I have a function that is supposed to return a random line from a massive file (~16MB/1_000_000 lines), something like shuf
command in Linux.
I tried to use BufReader
instead of reading everything into memory, but I'm not sure if this is the most efficient way as whenever it's reading from file the CPU consumption goes up. I'm also using 2 BufReader, one to use the count method on iterator and the other one to get a line from file. How can I make this better?
let buf_reader_content = BufReader::new(&f);
let num_lines = get_num_lines_in_file(&file_name);
let random_index = get_random_index(num_lines.unwrap_or(0));
let random_domain_name = buf_reader_content.lines().nth(random_index);
fn get_num_lines_in_file(file_name: &str) -> Option<usize> {
let may_file_handle = File::open(file_name);
match may_file_handle {
Ok(f) => {
let buf_reader_count = BufReader::new(&f);
let num_lines = buf_reader_count.lines().count();
return Some(num_lines);
},
Err(e) => {
println!("Cannot open file to get the count {:?}", file_name);
return None;
}
}
}
fn get_random_index(max: usize) -> usize {
if max > 0 {
let step = Range::new(0, max);
let mut rng = rand::thread_rng();
let choice = step.ind_sample(&mut rng);
return choice as usize;
} else {
return 0 as usize;
}
}
Take a look at reservoir sampling: Reservoir sampling - Wikipedia. Using that technique you can make a single pass over the file.
1 Like
There's no need to count the lines. If the file is 16MB, select a random value [0, 16M] and read +- some bytes at that location. Scan backwards and forwards for newline characters and you got your random line. Read more if you don't find a newline character.
Edit: I assume there is a function to read from an offset without reading the whole file into memory.

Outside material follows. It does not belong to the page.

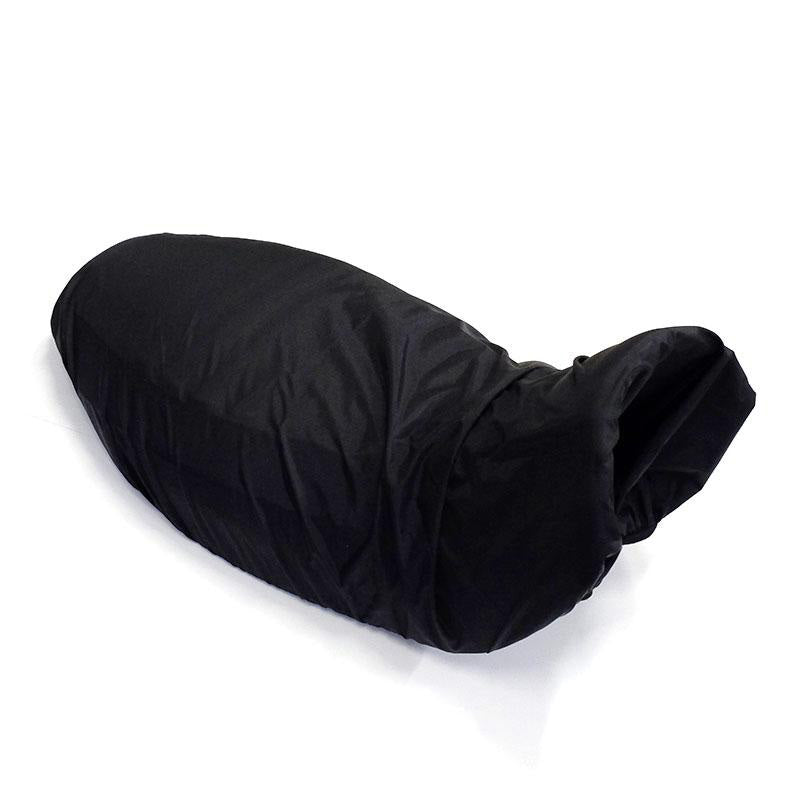 BMW R 1150 GS [1999-2004] - Funda de asiento impermeable grande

Edit: This works fine, I was running a debug build - I switched to release build and I barely notice when it runs! Thanks @vitalyd @johalun
Interesting, I tried to use https://doc.rust-lang.org/rand/src/rand/lib.rs.html#992-1008 as shown below, but still CPU consumption spikes when it's running,
extern crate rand;
use std::fs::File;
use std::io::{BufRead, BufReader};
use rand::{thread_rng, sample};
fn main() {
let f = File::open("bigfile.list");
match f {
Ok(h) => {
let b = BufReader::new(h);
let lines_iter = b.lines();
let mut rng = thread_rng();
let l = sample(&mut rng, lines_iter, 1);
println!("{:?}", l);
},
Err(e) => {
println!("Error - {:?}", e);
}
}
println!("Done");
}
That won't give uniform distribution if the lines are of different length.
1 Like
If you need accurate distribution, you have to do a full read of the file to determine position of each line. After that you can quickly seek and read any line:
use std::fs::File;
use std::io::{BufRead, BufReader, Seek, SeekFrom};
use rand::distributions::{IndependentSample, Range};
use std::path::Path;
extern crate rand;
struct RandomLiner {
reader: BufReader<File>,
positions: Vec<usize>,
}
impl RandomLiner {
fn new<P: AsRef<Path>>(path: P) -> RandomLiner {
let mut reader = BufReader::new(File::open(path).unwrap());
let mut positions = vec![0];
let mut current_position = 0;
let mut _buffer = Vec::new();
loop {
let count = reader.read_until(b'\n', &mut _buffer).unwrap();
if count == 0 {
positions.pop().unwrap();
break;
}
current_position += count;
positions.push(current_position);
}
RandomLiner {
reader: reader,
positions: positions,
}
}
fn get(&mut self, buf: &mut Vec<u8>) {
if self.positions.is_empty() {
panic!("no lines");
}
let mut rng = rand::thread_rng();
let index = Range::new(0, self.positions.len()).ind_sample(&mut rng);
self.reader.seek(SeekFrom::Start(self.positions[index] as u64)).unwrap();
self.reader.read_until(b'\n', buf).unwrap();
}
}
fn main() {
let args: Vec<_> = std::env::args_os().collect();
if args.len() < 2 {
panic!("not enough arguments");
}
let mut r = RandomLiner::new(&args[1]);
let mut buf = Default::default();
r.get(&mut buf);
print!("{}", String::from_utf8(buf).unwrap());
}
This can be further optimized by using fixed-length read in get()
instead of read_until
, as you already know length of each line (the last line would need special handling though).